WSD Schedules for Efficient Deep Learning

• WSD schedules are a learning rate strategy that divides training into warmup, stable, and decay phases to optimize convergence.
• They mitigate gradient instabilities in the warmup phase, maintain exploration during a constant plateau, and fine-tune parameters through decay.
• These schedules enhance convergence, generalization, and compute efficiency across diverse deep learning domains including vision, language, and speech.

A Warmup-Stable-Decay (WSD) schedule is a learning rate scheduling strategy commonly used in the training of deep neural networks, particularly in large-scale pretraining and large-batch regimes. WSD schedules divide the evolution of the learning rate (LR) into three explicit phases: a warmup phase with increasing LR, a stable phase with constant LR, and a decay phase with decreasing LR. This structure offers both empirical robustness and theoretical advantages for convergence and generalization in substantial deep learning workloads across vision, language, and speech domains.

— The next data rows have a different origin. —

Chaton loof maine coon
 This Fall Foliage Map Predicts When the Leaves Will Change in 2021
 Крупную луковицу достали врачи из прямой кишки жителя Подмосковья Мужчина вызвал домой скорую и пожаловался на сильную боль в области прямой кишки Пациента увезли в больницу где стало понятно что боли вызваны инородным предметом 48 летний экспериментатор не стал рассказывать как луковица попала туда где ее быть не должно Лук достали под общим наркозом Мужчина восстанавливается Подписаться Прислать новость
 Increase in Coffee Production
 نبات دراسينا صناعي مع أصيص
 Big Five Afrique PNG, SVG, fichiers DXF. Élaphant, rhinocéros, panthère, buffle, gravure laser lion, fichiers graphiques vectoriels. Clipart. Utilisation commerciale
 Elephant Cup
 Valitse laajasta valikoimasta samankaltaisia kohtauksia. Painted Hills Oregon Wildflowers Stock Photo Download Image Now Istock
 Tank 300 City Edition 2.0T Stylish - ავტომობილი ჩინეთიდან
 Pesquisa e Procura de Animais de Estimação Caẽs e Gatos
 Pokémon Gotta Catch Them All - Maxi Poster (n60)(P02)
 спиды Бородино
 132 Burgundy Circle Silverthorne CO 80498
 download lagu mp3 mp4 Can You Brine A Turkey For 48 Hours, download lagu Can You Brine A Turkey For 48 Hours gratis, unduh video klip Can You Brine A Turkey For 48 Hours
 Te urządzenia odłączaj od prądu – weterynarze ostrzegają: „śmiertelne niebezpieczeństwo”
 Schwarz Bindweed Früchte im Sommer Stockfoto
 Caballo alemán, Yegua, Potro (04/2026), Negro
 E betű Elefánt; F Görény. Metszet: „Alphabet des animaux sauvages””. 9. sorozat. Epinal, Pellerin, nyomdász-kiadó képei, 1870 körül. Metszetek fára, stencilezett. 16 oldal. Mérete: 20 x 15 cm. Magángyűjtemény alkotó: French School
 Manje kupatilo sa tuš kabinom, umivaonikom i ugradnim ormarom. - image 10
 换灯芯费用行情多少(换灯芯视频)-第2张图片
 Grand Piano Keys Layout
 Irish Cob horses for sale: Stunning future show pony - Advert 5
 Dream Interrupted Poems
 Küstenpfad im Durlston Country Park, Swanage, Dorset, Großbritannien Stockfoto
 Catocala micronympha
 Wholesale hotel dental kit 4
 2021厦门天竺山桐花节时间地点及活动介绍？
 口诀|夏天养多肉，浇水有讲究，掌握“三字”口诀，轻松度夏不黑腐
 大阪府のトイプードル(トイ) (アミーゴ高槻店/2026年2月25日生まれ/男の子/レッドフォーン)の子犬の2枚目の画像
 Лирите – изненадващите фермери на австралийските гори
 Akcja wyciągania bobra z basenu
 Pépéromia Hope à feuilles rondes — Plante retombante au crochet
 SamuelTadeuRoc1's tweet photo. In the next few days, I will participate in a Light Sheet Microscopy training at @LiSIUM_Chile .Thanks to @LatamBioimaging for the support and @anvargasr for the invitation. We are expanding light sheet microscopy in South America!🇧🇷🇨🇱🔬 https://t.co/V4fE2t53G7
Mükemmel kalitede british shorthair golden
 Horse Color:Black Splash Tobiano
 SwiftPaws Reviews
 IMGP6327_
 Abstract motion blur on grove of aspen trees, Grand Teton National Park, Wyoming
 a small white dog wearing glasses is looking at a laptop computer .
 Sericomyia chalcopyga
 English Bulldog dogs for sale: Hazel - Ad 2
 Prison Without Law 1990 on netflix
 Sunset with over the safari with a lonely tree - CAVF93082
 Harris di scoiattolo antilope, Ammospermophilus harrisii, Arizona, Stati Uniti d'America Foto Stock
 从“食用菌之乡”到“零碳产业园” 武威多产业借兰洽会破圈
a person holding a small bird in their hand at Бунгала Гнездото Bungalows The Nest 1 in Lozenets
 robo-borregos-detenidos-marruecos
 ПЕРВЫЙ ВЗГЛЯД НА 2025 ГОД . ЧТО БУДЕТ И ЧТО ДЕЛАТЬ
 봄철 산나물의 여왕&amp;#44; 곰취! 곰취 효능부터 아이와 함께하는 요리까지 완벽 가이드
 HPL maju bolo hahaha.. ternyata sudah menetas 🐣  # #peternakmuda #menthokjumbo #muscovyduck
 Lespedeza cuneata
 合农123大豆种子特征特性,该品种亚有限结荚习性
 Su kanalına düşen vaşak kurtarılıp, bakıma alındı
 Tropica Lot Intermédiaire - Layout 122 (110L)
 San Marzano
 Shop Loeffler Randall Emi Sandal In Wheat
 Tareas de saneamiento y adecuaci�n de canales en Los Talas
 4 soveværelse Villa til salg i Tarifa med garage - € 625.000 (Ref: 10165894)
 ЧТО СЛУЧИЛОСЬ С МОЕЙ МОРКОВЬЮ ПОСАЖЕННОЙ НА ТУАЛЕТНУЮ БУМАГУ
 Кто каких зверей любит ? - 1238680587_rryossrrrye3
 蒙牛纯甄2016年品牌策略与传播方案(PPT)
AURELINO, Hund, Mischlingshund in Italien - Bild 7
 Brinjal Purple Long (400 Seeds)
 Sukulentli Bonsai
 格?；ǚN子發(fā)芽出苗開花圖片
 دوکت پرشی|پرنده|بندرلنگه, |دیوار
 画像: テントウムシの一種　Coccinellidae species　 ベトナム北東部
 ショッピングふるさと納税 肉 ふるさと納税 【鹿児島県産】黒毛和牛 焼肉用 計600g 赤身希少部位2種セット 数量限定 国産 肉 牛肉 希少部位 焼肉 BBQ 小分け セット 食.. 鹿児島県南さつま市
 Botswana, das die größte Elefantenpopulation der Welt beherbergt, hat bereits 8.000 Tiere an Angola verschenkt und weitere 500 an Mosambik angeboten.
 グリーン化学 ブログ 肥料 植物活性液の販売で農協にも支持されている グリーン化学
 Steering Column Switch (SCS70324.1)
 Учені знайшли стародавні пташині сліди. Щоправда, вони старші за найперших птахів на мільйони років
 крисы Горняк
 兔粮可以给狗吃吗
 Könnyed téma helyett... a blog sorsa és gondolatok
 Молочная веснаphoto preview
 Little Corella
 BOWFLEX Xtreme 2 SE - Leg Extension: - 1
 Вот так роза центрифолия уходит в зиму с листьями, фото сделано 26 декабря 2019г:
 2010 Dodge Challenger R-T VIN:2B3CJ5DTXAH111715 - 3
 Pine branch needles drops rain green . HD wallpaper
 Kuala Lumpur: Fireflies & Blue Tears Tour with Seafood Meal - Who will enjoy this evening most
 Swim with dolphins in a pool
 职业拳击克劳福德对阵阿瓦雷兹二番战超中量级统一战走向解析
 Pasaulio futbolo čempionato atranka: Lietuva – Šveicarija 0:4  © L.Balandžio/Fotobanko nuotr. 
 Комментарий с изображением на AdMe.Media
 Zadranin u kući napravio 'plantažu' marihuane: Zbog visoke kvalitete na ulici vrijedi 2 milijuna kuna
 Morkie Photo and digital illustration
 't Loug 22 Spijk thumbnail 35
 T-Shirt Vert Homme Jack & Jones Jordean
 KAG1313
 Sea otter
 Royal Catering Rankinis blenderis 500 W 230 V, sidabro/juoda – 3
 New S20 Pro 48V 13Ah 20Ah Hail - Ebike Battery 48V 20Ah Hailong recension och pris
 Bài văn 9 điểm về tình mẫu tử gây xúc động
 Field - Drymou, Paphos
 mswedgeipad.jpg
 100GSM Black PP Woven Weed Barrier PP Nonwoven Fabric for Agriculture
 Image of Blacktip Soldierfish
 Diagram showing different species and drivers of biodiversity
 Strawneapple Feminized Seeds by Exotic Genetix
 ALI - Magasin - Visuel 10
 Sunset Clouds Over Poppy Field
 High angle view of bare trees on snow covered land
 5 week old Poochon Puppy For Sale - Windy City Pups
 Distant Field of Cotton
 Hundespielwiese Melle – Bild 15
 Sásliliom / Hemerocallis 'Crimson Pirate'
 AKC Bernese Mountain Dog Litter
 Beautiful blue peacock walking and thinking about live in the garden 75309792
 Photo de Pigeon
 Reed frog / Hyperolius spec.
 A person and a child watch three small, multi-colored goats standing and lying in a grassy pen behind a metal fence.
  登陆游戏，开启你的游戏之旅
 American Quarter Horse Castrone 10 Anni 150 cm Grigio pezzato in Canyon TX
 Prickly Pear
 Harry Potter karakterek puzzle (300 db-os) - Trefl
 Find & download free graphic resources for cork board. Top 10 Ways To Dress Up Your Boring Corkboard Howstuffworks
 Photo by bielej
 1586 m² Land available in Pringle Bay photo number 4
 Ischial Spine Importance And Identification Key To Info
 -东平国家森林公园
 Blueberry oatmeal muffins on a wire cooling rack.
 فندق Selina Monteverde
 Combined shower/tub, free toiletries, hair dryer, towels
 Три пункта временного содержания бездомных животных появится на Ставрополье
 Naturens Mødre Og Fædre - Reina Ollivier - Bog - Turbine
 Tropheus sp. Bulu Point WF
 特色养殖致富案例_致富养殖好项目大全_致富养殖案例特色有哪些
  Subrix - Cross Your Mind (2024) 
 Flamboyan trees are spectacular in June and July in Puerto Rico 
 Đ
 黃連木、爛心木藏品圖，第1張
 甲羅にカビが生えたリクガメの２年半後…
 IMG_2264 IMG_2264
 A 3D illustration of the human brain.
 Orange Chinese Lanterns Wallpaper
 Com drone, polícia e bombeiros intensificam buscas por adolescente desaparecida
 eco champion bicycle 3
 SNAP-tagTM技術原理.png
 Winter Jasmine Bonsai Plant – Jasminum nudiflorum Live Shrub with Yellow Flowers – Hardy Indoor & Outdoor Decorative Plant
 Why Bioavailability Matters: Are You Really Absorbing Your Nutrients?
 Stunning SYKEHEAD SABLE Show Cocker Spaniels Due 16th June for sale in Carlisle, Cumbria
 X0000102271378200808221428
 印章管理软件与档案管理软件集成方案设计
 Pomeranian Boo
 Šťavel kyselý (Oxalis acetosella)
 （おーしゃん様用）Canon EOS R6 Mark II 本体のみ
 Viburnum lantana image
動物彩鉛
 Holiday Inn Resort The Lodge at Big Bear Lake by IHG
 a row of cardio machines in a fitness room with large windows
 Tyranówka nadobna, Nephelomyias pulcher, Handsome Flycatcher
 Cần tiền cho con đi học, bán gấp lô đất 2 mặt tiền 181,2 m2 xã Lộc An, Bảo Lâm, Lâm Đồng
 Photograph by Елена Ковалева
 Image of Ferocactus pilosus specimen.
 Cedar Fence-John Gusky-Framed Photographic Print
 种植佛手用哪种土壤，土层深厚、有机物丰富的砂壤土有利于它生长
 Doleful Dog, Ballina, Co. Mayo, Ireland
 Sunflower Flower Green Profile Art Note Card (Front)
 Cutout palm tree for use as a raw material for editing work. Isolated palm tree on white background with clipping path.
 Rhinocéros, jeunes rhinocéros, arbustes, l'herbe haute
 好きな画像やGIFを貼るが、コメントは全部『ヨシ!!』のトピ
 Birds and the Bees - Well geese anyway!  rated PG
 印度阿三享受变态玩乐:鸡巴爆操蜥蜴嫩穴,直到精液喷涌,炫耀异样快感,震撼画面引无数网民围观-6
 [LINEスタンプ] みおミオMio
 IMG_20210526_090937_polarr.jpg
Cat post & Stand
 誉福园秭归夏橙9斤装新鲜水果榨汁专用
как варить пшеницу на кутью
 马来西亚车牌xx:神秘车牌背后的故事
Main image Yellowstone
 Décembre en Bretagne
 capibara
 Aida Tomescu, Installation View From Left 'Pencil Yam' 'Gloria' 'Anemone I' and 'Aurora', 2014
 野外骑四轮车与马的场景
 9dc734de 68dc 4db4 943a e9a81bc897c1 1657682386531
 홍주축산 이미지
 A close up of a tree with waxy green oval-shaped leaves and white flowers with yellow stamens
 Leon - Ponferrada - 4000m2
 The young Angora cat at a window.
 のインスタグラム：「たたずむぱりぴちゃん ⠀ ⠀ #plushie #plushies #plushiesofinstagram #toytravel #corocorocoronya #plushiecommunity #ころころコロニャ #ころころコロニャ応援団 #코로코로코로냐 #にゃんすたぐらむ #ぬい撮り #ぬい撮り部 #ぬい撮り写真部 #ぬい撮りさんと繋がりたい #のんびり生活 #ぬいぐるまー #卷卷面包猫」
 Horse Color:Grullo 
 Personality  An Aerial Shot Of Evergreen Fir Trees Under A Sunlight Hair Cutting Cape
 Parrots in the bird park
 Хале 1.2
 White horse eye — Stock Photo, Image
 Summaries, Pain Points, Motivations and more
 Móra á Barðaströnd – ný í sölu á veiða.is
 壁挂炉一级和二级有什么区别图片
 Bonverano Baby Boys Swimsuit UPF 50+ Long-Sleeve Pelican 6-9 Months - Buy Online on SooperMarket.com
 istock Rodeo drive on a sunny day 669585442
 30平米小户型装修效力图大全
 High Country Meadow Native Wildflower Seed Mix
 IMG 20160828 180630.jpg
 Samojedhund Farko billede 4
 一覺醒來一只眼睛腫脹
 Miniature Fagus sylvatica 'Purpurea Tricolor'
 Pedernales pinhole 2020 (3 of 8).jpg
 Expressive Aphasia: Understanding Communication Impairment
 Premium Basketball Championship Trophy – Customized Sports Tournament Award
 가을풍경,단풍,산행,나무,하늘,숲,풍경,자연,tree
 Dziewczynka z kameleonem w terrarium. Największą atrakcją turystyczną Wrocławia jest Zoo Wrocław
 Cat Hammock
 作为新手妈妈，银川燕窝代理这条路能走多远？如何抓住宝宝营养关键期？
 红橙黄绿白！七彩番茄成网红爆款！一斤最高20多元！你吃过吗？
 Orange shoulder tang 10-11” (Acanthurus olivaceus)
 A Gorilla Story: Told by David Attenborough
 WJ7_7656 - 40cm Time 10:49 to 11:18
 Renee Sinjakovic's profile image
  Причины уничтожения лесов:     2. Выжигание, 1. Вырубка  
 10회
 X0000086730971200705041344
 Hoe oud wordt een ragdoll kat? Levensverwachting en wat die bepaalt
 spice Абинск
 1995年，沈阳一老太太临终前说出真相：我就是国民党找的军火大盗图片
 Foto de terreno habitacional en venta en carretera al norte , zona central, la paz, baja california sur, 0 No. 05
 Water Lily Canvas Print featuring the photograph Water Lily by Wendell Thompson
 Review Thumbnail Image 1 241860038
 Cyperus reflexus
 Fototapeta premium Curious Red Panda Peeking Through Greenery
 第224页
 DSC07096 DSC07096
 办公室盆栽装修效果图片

1. Formal Definition and Schedule Structure

A WSD schedule is mathematically characterized by sequential phases:

• Warmup: The LR increases monotonically from a low initial value (often zero) to a prescribed maximum over $W$ steps. This is commonly implemented as linear or sub-exponential increase:

$$\eta(s) = \begin{cases} (s/W)\cdot\eta_{\text{max}}, & s < W \ \eta_{\text{max}}, & W \leq s < T \ f(s-T)\cdot\eta_{\text{max}}, & s \geq T \end{cases}$$

where $s$ is the step, $W$ is the number of warmup steps, $T$ the transition to decay, and $f(\cdot)$ is a monotonic decreasing function (e.g., linear, exponential, or cosine decay) (Hu et al., 9 Apr 2024).

• Stable (Plateau): For a prolonged interval, the LR is held constant at its peak $\eta_{\text{max}}$.
• Decay: LR decreases according to the chosen rule (linear, cosine, polynomial, etc.) until it reaches a low terminal value or zero.

Schedules fitting this generic form appear across diverse work on LLM pretraining (Hu et al., 9 Apr 2024, Wen et al., 7 Oct 2024, Schaipp et al., 31 Jan 2025, Bergsma et al., 21 Feb 2025), speech-to-text (Gaido et al., 29 May 2025), and robust training (Shi et al., 2021).

2. Motivations and Theoretical Explanations

The combination of these three phases is supported by several empirical and theoretical insights:

• Warmup: Prevents instability—especially sharp gradient updates in deeper network layers—when starting training with a high LR. Gradually increasing the LR allows adaptive optimizers (like Adam) or SGD to achieve stable early updates before entering high-LR regimes (Gotmare et al., 2018, Ma et al., 2019, Kalra et al., 13 Jun 2024).
• Stable phase: Enables efficient “exploration” of the loss landscape at maximal LR. In LLMs and other high-dimensional systems, progress along the flattest (“river”) directions is governed by a sufficiently large LR; too small a LR would stall optimization along those directions, while too large can cause divergence (Wen et al., 7 Oct 2024, Liu et al., 6 Jul 2025). Thermodynamic analogies suggest that this phase “preheats” the system, setting the stage for rapid convergence during decay via the Mpemba effect (Liu et al., 6 Jul 2025).
• Decay: As optimization transitions from exploring to “fine-tuning,” reducing the LR allows smaller, more precise parameter updates, mitigates the effect of gradient noise, and helps the system settle in flatter minima, improving generalization (Hu et al., 9 Apr 2024, Schaipp et al., 31 Jan 2025, Bergsma et al., 21 Feb 2025).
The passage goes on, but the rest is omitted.